Az agrárértelmiség helyzete a 19. század első felében
Absztrakt
Rural intelligence has meant in our period basically the estate stewards of the large and commercially managed agricultural holdings. The group was the third biggest of the educated groups after that of the priests and the lawyers, counting about four-five thousand men in 1847. However, their formation and stabilization as a social group was hindered by three factors:
First, the knowledge that they applied was not sufficiently formalized, not esoteric and inaccessible enough to serve as a base for a professionalization strategy, at least not if one compares it with the arcane knowledge of doctors, for example.
Second, the estate stewards were servants of the commercially minded but traditionally styled lords, who tried to push them into positions modelled after that of the personal servants, expecting, on the other hand, expert advice and autonomous management skills. As a result, there was a significant discrepancy between the actual life of the stewards and the model that they were expected to conform to. One aspect of this was the relatively high cultural attainment of the stewards in the face of their inability to attend formal training institutes, due to the utter scarcity of the latter.
Their third demarcation problem seems to lie in the fact, that in their public appearances, their associations and press, the stewards themselves, though engaging in avid professional discussions, incessantly cultivate a political dimension, a political shadow of whatever seemingly narrowly agrotechnical issue they are addressing. Be it tobacco or manure, they always add a political remark or two. While this might be a consequence of trying to cope with censorship, it creates the impression that our stewards were nothing but the shield-bearers, the assistants of the great political movements (liberal vs. conservative) gripping the country at the time.
On all three counts, the group seems to be semi-autonomous, though clearly distinguishable, but still lacking the full legitimation to be called a separate social group.
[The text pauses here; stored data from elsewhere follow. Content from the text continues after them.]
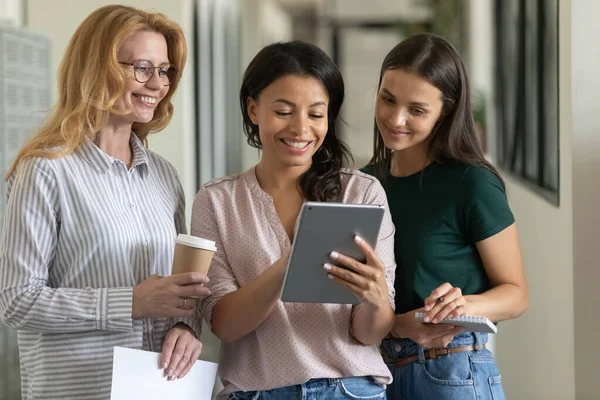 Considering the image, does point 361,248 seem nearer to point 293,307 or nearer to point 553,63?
point 293,307

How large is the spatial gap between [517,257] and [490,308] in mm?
166

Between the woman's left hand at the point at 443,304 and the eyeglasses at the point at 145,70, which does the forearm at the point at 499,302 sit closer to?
the woman's left hand at the point at 443,304

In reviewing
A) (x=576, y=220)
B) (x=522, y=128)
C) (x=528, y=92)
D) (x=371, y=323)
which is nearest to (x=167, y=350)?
Result: (x=371, y=323)

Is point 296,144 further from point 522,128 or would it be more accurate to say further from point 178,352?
point 522,128

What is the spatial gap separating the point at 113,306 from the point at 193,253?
0.74 ft

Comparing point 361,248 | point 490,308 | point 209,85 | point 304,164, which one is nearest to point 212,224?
point 304,164

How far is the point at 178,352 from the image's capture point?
1.69 meters

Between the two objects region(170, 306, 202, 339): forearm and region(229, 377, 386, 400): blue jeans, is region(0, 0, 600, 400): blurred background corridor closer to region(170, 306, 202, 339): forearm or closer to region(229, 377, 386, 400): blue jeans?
region(170, 306, 202, 339): forearm

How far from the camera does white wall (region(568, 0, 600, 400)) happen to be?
2.46 metres

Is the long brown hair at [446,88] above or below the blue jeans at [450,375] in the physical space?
above

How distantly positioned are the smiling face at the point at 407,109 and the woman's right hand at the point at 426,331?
42cm

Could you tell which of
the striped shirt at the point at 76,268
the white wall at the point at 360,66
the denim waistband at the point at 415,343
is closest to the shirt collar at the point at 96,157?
the striped shirt at the point at 76,268

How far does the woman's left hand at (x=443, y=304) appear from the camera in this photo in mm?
1709

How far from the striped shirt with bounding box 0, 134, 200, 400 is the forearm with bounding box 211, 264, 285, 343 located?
0.50 ft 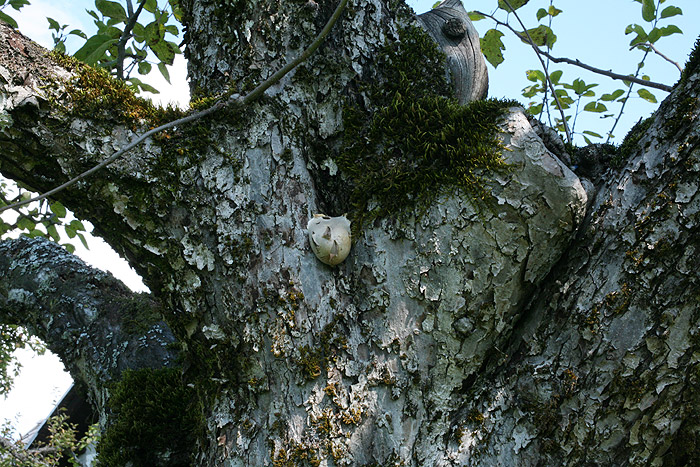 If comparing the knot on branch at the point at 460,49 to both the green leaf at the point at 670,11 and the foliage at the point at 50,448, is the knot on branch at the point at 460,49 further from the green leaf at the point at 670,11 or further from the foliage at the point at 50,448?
the foliage at the point at 50,448

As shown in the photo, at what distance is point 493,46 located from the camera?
9.91ft

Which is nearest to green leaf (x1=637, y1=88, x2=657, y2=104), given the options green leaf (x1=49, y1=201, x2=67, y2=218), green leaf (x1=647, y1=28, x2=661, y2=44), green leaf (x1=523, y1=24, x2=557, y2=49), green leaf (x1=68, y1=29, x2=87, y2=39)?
green leaf (x1=647, y1=28, x2=661, y2=44)

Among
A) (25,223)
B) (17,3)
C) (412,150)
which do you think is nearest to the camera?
(412,150)

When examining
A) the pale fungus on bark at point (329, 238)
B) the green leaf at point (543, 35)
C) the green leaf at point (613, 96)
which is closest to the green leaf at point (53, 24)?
the pale fungus on bark at point (329, 238)

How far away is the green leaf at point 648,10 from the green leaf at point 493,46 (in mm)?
758

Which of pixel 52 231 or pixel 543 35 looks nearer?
pixel 543 35

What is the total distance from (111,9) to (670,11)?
10.0ft

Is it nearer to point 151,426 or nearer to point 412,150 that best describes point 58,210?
point 151,426

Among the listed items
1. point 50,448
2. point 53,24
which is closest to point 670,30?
point 53,24

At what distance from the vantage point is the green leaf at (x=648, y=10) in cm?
286

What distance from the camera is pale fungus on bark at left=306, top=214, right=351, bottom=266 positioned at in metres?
1.63

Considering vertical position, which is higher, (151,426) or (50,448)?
(151,426)

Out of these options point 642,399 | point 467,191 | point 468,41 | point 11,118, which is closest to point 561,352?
point 642,399

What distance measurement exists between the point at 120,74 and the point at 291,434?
2.33m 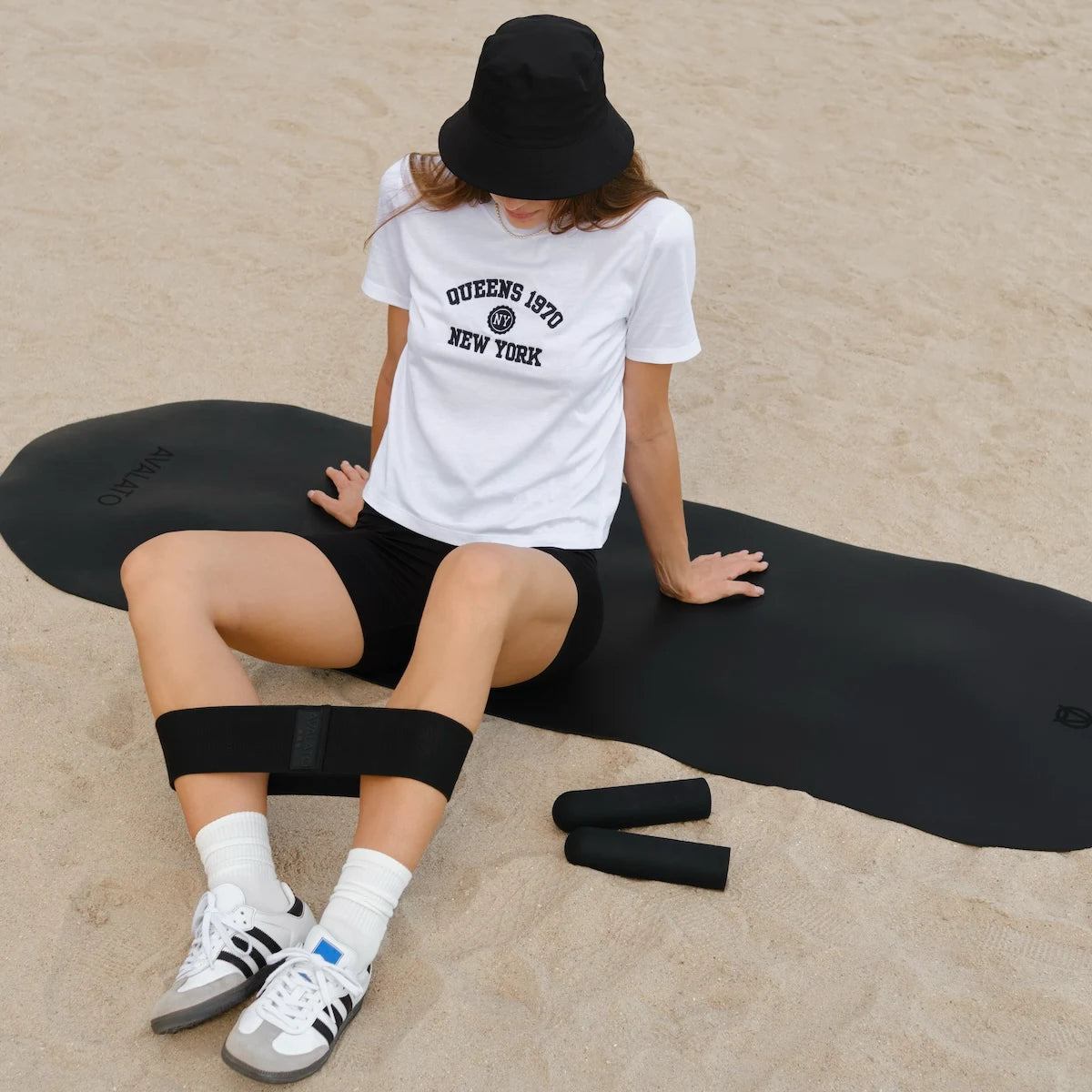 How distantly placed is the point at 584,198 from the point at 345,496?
0.95m

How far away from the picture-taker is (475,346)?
1847 millimetres

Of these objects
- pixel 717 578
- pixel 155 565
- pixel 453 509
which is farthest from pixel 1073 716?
pixel 155 565

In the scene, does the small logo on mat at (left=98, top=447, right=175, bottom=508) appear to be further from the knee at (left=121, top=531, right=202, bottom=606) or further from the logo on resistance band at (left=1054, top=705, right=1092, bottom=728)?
the logo on resistance band at (left=1054, top=705, right=1092, bottom=728)

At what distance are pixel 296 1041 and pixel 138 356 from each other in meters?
2.06

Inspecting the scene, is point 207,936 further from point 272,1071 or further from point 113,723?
point 113,723

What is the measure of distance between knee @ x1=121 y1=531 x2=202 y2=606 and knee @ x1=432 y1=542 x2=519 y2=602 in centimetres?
35

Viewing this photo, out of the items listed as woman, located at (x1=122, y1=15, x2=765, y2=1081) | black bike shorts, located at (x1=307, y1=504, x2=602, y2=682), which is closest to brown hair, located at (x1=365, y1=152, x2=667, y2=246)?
woman, located at (x1=122, y1=15, x2=765, y2=1081)

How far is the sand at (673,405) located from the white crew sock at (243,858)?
16cm

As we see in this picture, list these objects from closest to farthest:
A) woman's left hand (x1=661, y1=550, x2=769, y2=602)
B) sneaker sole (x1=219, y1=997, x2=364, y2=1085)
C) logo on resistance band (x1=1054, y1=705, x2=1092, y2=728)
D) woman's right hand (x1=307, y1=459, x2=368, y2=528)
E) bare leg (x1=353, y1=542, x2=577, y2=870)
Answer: sneaker sole (x1=219, y1=997, x2=364, y2=1085) → bare leg (x1=353, y1=542, x2=577, y2=870) → logo on resistance band (x1=1054, y1=705, x2=1092, y2=728) → woman's left hand (x1=661, y1=550, x2=769, y2=602) → woman's right hand (x1=307, y1=459, x2=368, y2=528)

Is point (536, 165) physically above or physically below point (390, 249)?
above

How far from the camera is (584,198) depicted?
5.81 ft

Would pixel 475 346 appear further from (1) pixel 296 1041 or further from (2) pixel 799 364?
(2) pixel 799 364

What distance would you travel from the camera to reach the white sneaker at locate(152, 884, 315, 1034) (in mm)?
1488

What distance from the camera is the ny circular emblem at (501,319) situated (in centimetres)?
183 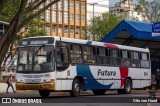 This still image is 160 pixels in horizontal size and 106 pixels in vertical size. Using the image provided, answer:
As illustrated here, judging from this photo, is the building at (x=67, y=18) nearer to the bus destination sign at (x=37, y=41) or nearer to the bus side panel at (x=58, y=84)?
the bus destination sign at (x=37, y=41)

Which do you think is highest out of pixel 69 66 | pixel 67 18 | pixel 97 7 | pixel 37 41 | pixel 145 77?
pixel 97 7

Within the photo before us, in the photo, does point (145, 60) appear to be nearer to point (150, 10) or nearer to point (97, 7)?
point (150, 10)

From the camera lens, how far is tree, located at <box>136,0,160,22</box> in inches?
2379

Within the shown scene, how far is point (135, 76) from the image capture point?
96.7ft

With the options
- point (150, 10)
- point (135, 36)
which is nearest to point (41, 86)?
point (135, 36)

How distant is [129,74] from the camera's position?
28.8m

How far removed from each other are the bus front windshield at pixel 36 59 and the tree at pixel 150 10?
129 feet

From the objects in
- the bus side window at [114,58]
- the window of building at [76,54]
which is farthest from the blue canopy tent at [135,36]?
the window of building at [76,54]

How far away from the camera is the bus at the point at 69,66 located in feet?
72.5

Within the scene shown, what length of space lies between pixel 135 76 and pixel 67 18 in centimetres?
8739

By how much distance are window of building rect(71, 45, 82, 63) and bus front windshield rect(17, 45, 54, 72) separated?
156 centimetres

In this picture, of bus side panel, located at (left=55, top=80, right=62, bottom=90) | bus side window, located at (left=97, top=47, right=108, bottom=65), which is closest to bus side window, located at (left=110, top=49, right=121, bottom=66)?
bus side window, located at (left=97, top=47, right=108, bottom=65)

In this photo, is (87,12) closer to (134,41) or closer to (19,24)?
(134,41)

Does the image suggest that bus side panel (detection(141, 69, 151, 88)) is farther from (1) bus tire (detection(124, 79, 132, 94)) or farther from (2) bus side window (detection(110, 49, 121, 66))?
(2) bus side window (detection(110, 49, 121, 66))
So one either tries to lump them together with other groups that better fit the structuring criteria of modern social science, or accepts the contemporary opinion that did not doubt their separateness and looks for other ways of classification. This is attempted here with respect to the competence of the stewards in cultural domination, or, a la Gramsci, hegemony.
The argument is that their social positions called forth skills, like their inclination to be men of letters as a compensation for missing institutes of formal training that served both their peculiar social positions and fitted admirably with a concept of conservative nation building. While stewards politicized the technical issues, the conservative reformers of the time loved to reduce political issues to technicalities, or at least believed in educating and civilizing the nation on a much wider scale than dirty party politics. So the stewards clicked on to the conservative undertaking of nation building as their group project. Indeed, in the course of their putting up and manning the largest non-political associations of the 1840s, most of the original weaknesses of the position of stewards were attended to: pay, prestige, pensions.
Unluckily, the 1848 war of Hungarian independence was lost, capitalism was unleashed with a vengeance by an occupying foreign power, the great estates were sold or leased out and their estate stewards dumped on the highways. The discourse that they developed was, however, resurrected by the neoconservative thinking at the end of the 19th century.